> What needs to be done: Set down, word for word, every line of the listing below, starting with the one that contains "Heart in a Box - 3D Render" and ending with the final line. Include nothing else.

Study material below:

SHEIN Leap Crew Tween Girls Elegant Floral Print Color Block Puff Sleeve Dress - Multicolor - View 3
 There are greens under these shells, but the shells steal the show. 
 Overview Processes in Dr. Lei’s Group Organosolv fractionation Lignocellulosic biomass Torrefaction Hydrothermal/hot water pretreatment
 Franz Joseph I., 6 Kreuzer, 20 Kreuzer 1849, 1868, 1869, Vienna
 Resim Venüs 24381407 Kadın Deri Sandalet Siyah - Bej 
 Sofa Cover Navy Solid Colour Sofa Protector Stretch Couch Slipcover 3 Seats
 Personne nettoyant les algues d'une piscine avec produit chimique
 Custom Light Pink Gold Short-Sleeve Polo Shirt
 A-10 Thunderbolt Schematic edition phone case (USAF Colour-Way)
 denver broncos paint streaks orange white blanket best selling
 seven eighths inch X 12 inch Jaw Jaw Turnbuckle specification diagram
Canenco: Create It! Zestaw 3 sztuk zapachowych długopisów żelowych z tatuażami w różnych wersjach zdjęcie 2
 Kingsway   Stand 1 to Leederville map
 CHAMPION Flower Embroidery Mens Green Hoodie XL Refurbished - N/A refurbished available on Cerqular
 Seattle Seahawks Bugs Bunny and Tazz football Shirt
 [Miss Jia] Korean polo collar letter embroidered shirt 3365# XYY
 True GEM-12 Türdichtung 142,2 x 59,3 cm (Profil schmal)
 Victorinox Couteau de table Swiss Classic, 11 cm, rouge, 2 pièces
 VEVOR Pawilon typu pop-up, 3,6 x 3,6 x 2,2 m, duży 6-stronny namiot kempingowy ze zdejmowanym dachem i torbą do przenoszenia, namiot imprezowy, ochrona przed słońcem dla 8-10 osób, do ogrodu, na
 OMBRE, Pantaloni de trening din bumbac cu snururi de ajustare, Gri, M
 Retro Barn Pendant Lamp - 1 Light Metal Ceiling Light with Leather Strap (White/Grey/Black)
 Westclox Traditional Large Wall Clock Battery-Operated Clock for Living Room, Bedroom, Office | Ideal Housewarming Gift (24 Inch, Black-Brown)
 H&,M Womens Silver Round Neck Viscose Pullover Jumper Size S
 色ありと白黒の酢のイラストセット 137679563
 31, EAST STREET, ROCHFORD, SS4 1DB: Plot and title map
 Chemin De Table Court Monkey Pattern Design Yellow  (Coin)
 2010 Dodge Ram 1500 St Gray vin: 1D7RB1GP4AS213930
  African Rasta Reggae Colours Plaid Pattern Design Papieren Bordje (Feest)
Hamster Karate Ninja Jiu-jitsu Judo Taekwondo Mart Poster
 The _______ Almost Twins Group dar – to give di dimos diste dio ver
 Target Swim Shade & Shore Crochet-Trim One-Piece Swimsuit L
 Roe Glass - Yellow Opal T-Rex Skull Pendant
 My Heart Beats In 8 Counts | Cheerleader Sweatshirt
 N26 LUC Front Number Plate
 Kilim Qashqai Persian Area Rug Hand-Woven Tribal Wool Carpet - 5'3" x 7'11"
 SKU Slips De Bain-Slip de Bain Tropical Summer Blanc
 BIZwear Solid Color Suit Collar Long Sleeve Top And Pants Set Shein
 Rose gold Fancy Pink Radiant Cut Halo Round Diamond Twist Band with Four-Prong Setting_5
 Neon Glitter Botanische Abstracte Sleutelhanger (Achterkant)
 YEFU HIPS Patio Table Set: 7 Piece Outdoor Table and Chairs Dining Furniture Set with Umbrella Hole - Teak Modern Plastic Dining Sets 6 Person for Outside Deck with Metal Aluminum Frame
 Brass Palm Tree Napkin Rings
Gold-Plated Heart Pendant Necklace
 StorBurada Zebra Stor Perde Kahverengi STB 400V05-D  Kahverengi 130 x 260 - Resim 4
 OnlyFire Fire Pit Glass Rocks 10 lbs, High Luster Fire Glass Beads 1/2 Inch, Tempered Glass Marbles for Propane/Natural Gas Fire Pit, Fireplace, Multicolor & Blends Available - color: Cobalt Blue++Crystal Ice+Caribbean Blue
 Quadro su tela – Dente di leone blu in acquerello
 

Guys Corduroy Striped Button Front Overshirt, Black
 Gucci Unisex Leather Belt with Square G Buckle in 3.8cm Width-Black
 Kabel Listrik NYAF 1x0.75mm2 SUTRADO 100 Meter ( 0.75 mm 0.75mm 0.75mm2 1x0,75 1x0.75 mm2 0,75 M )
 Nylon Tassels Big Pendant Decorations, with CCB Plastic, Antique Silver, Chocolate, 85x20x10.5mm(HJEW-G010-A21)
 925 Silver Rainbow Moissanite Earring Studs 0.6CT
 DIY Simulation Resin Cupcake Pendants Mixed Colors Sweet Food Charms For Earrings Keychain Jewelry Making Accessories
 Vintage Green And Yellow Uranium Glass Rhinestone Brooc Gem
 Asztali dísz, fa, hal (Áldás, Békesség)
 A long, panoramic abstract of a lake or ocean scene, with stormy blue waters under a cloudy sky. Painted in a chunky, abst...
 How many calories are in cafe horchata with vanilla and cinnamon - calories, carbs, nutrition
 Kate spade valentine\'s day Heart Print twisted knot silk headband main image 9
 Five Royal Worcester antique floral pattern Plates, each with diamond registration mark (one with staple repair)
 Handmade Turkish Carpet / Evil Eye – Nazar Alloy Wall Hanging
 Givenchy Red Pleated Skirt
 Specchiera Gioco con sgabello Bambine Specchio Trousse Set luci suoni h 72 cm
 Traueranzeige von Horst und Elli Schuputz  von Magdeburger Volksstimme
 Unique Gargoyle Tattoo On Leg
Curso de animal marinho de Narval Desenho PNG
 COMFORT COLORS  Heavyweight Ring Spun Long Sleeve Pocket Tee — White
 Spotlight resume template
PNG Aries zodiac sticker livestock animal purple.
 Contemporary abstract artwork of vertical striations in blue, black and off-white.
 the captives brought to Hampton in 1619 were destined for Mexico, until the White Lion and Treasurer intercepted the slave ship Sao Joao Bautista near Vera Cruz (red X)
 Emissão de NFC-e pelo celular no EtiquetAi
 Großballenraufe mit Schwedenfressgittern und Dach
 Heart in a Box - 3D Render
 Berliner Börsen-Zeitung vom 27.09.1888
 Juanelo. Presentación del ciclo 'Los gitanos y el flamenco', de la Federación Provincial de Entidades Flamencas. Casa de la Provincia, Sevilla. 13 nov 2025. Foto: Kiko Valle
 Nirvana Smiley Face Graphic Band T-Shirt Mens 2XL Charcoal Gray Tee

End of Study material.

> Solution to the problem:
 Heart in a Box - 3D Render
 Berliner Börsen-Zeitung vom 27.09.1888
 Juanelo. Presentación del ciclo 'Los gitanos y el flamenco', de la Federación Provincial de Entidades Flamencas. Casa de la Provincia, Sevilla. 13 nov 2025. Foto: Kiko Valle
 Nirvana Smiley Face Graphic Band T-Shirt Mens 2XL Charcoal Gray Tee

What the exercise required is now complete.